** Records drawn from a dataset **
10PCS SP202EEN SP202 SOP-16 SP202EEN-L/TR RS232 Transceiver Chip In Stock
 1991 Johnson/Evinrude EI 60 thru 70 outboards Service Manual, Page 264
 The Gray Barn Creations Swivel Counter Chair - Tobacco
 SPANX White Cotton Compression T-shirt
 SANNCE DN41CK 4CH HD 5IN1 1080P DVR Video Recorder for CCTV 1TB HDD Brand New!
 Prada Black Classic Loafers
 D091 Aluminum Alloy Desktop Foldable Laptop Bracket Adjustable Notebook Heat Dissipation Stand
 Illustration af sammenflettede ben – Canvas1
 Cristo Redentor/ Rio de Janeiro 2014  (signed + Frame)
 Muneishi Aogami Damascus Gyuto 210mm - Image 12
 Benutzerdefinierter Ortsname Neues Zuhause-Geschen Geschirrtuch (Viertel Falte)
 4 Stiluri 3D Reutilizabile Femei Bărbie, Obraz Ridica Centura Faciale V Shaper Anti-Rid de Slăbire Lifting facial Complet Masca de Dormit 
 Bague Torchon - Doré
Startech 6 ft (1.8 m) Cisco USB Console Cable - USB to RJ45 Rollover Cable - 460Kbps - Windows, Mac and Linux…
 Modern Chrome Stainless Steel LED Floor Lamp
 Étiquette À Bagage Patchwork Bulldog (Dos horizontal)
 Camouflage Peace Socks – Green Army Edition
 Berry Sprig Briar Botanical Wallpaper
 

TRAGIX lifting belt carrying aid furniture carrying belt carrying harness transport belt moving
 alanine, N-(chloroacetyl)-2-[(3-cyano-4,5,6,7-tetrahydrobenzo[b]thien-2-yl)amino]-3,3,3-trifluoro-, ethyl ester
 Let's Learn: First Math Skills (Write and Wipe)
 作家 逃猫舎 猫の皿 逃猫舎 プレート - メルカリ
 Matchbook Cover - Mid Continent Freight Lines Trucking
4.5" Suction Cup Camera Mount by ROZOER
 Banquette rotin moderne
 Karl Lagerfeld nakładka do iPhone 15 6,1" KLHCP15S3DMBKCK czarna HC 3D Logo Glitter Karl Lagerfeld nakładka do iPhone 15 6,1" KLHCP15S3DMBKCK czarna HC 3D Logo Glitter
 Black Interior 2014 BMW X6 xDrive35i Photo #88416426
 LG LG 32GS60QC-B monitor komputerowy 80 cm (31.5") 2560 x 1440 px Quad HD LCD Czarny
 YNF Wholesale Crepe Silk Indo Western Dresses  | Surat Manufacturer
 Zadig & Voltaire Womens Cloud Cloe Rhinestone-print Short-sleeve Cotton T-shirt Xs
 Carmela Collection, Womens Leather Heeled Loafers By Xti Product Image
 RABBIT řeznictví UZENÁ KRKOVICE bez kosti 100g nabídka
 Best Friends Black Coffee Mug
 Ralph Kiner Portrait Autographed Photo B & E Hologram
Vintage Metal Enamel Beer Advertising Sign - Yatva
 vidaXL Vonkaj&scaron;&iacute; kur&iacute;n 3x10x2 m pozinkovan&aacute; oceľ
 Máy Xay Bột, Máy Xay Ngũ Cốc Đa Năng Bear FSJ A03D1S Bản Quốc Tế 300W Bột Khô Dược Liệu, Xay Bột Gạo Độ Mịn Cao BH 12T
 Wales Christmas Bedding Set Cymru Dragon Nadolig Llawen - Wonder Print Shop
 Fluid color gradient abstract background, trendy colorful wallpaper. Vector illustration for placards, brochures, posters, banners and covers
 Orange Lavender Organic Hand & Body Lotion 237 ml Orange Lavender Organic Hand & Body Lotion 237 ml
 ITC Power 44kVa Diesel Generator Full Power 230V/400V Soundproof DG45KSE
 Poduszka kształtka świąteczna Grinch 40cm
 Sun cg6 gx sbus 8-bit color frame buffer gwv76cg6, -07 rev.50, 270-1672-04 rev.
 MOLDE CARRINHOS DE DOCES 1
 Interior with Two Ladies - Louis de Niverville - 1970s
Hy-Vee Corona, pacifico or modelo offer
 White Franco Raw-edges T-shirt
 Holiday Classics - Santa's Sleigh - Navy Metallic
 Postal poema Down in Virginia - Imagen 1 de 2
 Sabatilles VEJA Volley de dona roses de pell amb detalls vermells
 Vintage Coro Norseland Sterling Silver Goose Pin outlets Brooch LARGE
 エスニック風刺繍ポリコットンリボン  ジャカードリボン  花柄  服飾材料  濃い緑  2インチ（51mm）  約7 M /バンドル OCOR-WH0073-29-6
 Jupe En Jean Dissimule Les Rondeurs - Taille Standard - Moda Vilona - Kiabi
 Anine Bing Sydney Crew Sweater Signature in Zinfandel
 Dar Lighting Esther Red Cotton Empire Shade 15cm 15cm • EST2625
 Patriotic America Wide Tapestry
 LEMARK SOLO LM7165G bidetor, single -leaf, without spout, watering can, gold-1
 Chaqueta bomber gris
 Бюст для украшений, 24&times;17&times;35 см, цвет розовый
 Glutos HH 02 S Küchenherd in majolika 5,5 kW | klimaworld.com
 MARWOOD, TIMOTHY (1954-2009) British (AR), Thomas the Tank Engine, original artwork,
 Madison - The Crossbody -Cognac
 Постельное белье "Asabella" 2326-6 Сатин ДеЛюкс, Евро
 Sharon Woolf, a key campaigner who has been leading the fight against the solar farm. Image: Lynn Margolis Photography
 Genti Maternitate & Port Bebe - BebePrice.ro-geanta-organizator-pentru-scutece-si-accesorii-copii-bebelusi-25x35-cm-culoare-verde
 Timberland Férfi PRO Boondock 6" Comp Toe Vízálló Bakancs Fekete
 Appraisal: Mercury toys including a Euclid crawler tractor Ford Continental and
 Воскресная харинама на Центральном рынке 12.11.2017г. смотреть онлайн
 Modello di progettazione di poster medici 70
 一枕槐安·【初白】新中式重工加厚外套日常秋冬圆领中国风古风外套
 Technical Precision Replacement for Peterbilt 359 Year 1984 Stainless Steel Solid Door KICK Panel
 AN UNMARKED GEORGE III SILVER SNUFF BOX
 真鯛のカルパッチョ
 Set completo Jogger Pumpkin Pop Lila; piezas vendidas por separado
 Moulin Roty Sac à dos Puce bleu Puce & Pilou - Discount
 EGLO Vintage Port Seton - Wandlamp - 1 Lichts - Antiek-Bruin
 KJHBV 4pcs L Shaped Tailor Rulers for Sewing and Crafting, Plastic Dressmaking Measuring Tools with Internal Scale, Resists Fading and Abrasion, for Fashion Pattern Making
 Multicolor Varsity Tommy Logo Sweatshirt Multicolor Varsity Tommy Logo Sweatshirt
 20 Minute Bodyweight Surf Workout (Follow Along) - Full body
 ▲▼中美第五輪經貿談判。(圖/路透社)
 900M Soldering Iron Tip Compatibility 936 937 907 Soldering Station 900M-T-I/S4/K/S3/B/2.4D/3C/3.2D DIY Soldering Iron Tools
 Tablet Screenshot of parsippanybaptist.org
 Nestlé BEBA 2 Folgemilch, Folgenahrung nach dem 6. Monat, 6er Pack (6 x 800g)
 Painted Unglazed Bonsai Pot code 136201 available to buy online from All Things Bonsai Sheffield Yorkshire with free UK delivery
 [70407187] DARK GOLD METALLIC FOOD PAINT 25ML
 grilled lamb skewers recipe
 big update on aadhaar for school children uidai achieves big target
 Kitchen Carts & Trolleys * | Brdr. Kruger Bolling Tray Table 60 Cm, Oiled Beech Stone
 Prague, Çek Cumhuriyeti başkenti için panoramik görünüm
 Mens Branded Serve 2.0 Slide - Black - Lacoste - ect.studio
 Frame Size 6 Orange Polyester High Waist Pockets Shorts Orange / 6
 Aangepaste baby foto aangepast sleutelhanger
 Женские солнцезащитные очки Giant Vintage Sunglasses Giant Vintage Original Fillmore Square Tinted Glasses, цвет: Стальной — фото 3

** Task details **
Repeat the entries above exactly, from the first line through the line containing "SANNCE DN41CK 4CH".

** Expected answer **
10PCS SP202EEN SP202 SOP-16 SP202EEN-L/TR RS232 Transceiver Chip In Stock
 1991 Johnson/Evinrude EI 60 thru 70 outboards Service Manual, Page 264
 The Gray Barn Creations Swivel Counter Chair - Tobacco
 SPANX White Cotton Compression T-shirt
 SANNCE DN41CK 4CH HD 5IN1 1080P DVR Video Recorder for CCTV 1TB HDD Brand New!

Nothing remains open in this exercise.